> _REQUIRED ACTION_
A word-for-word copy of the data is what's wanted; pictures stay out of it.

> _SOURCE MATERIAL_
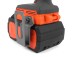 Аккумуляторный ударный гайковерт MESSER DCW6 1000Нм М24 2Ач купить в Уфе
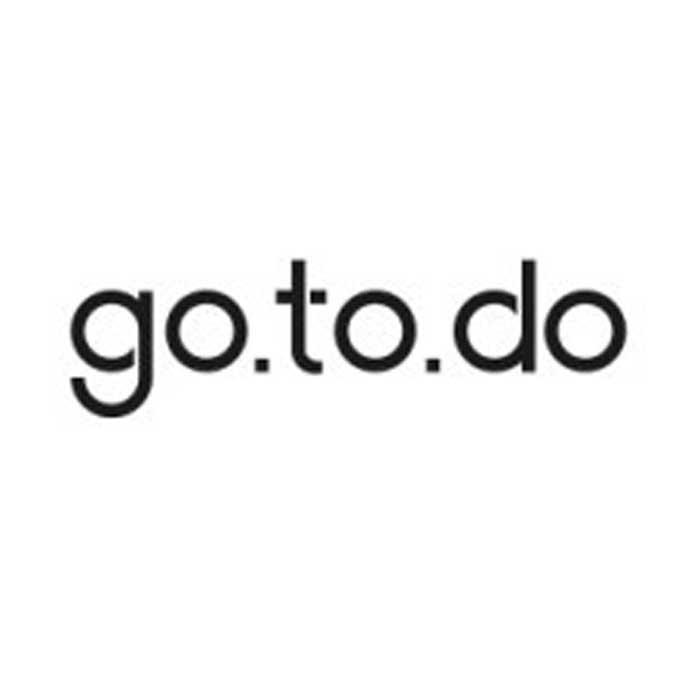 GO.TO.DO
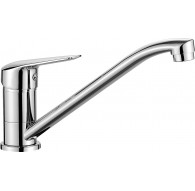 Kitchen faucet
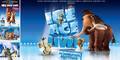 Ice Age live in der Stadthalle Wien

> _WRITTEN SOLUTION_
 Аккумуляторный ударный гайковерт MESSER DCW6 1000Нм М24 2Ач купить в Уфе
 GO.TO.DO
 Kitchen faucet
 Ice Age live in der Stadthalle Wien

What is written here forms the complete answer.